To successfully lobby plan fiduciaries to replace underperforming funds, I recommend you demonstrate how much more you and other plan participants could have earned with index funds. Morningstar offers a no-cost fund comparison tool that can help you do that using a spreadsheet.
Here are the steps to take for each underperforming fund.
1. Enter the name and ticker symbol of the current fund into your spreadsheet.
2. In the Fund Compare tool, enter the ticker symbol into the “Enter tickers” box.
Click the “Add to List” button and then click the “Show Comparison” button. From the Snapshot view, enter the fund’s Expense Ratio and Morningstar Category into your spreadsheet. I will the MFS Massachusetts Investors Tr R3 fund (Ticker = MITHX) as an example.
Choose the performance view. Enter the 1-year Return(%) and 5-year Return (%) into your spreadsheet.
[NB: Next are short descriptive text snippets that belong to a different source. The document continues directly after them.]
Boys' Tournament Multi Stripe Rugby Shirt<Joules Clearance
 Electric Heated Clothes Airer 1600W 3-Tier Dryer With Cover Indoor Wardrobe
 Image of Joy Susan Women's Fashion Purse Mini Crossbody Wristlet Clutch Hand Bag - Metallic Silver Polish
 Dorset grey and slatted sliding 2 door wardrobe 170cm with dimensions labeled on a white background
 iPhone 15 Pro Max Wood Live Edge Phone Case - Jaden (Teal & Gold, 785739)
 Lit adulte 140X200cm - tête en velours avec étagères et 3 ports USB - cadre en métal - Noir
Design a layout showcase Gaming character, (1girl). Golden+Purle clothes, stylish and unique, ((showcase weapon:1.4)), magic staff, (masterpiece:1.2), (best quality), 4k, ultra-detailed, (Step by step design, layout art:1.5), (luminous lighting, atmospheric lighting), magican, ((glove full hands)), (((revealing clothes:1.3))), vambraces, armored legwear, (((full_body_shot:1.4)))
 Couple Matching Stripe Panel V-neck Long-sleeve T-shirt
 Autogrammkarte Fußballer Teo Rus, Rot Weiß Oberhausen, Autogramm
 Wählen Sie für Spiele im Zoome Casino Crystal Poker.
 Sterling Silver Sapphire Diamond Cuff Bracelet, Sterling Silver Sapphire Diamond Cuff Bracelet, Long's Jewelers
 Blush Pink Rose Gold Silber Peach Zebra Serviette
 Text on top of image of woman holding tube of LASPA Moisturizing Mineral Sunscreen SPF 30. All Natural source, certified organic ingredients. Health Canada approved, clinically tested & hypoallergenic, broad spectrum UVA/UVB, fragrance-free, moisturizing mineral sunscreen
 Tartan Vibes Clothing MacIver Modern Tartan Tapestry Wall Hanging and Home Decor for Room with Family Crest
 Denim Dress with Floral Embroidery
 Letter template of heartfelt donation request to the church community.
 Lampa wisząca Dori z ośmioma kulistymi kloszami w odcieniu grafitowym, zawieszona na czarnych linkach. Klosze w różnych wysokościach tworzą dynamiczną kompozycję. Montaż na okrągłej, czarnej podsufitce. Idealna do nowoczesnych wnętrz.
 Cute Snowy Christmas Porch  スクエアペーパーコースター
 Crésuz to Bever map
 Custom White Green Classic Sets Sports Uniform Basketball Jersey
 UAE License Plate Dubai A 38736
3. Return to the Edit Funds page.
Click on the Fund Comparison Ideas hyperlink. Check the appropriate Morningstar Category box on the resulting pop-up.
Hit the Submit button to return to the Edit Funds page.
4. On the Edit Funds page, hit the Show Comparison button
5. Sort the results page by Expense Ratio so the lowest expensive ratios display first. To find an index fund, look for the word “index” in the fund name.
Select a fund for comparison by clicking its hyperlink. I will use the Vanguard 500 Index Admiral fund (Ticker = VFIAX) as an example.
Enter the name of the fund, its ticker and expense ratio into your spreadsheet.
6. Compare the returns.
|
Fund Name |
Fund Ticker |
Morningstar category |
Expense Ratio |
1-year return |
5-year return |
Current Fund |
MFS Massachusetts Investors Tr R3 |
MITHX |
Large Blend |
0.71% |
0.35% |
7.98% |
Alternative Fund |
Vanguard 500 Index Admiral |
VFIAX |
0.04% |
1.91% |
8.82% |
In the example, we found the 5-year average return of the VFIAX fund was 0.84% higher (8.82% - 7.98%) than the more expensive MITHX fund. The MITHX fund pays 0.25% of assets in revenue sharing, but the amount does not fully account for the fund’s return deficit.
Lobbying 401(k) Plan Fiduciaries Doesn’t Need to be Adversarial!
The 401(k) plan fiduciaries at your company have a legal duty to protect your interests by paying only “reasonable” administration fees from plan assets and picking “prudent” investments – basically funds that meet their investment objective for “reasonable” fees. However, meeting this important fiduciary responsibility can be easier said than done given the conflicted investment advice they can receive from your 401(k) provider.
Don’t let your 401(k) provider get away with it! Think your administration fees and investments can be improved? Do some research, identify some improvements, and then make your case to plan fiduciaries. There’s a good chance they will appreciate your initiative – particularly when their own investment returns are on the line.